Very funny. And they had killed simple-minded Paymaster Martfield for picking up a hitchhiker. The Nazis always had been pretty funny—fat Hermann pretending he was young Seigfried. As blond as Hitler, as slim as Goering, and as tall as Goebbels. Immature guttersnipes who hadn't been able to hang a convincing frame on Dimitrov for the Reichstag fire; the world had roared at their bungling. Huge, corny party rallies with let's-play-detectives nonsense like touching the local flags to that hallowed banner on which the martyred Horst Wessel had had a nosebleed. And they had rolled over Europe, and they killed people …

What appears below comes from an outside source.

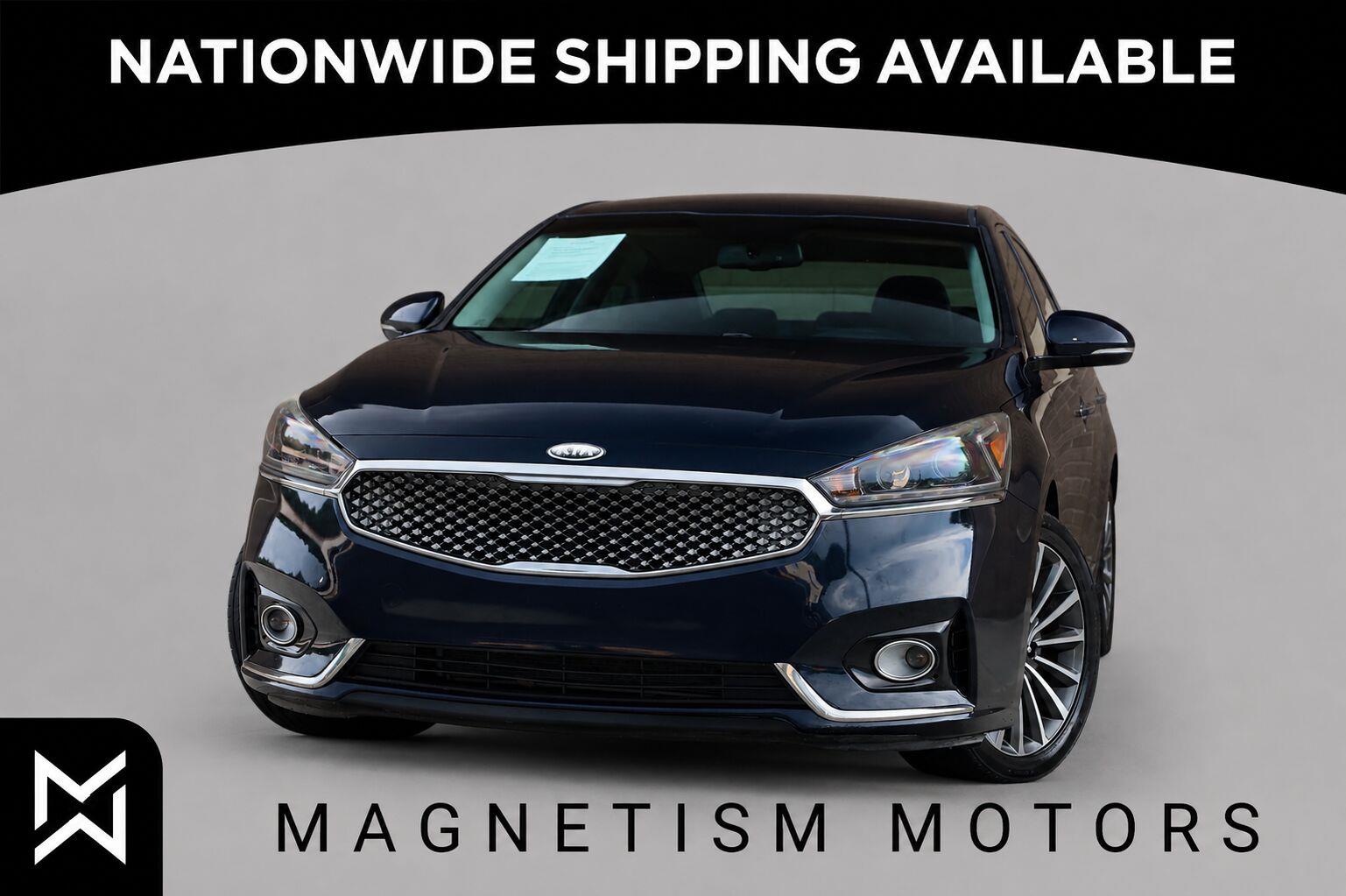 Gravity Blue 2017 Kia Cadenza Sedan Front-Wheel Drive Automatic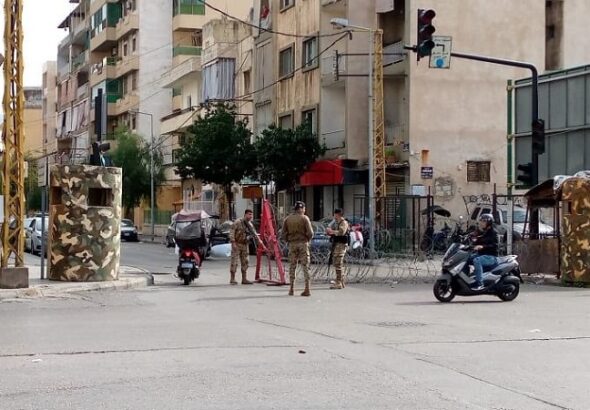 الجيش اللبناني يغلق مداخل عين الرمانة والشياح - لبنان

One thing was certain: life in the work camp would at least bore him to death. He was supposed to be an illiterate simpleton, so things were excused him which were not excused an exalted Pay-Seventh. He poked through a closet in the corner of the laboratory—he and Piqueron were the same size. He found a natty change of uniform and what must be a civilian suit: somewhat baggy pants and a sort of tunic with the neat, sensible Russian collar. Obviously it would be all right to wear it because here it was; just as obviously, it was all wrong for him to be dressed in chinos and a flannel shirt. He did not know exactly what this made him, but Martfield had been done to death for picking up a man in chinos and a flannel shirt. Royland changed into the civilian suit, stuffed his own shirt and pants far back on the top shelf of the closet; this was probably concealment enough from those murderous clowns.

He walked out, and up the stairs, and through the busy lobby, and into the industrial complex. Nobody saluted him and he saluted nobody. He knew where he was going—to a good, sound Japanese laboratory where there were no Germans.

Royland had known Japanese students at the University and admired them beyond words. Their brains, frugality, doggedness, and good humor made them, as far as he was concerned, the most sensible people he had ever known. Tojo and his warlords were not, as far as Royland was concerned, essentially Japanese but just more damn-fool soldiers and politicians. The real Japanese would courteously listen to him, calmly check against available facts. He rubbed his cheek and remembered Mr. Ito and his slap in the face. Well, presumably Mr. Ito was a damnfool soldier and politician —and demonstrating for the German's benefit in a touchy border area full of jurisdictional questions.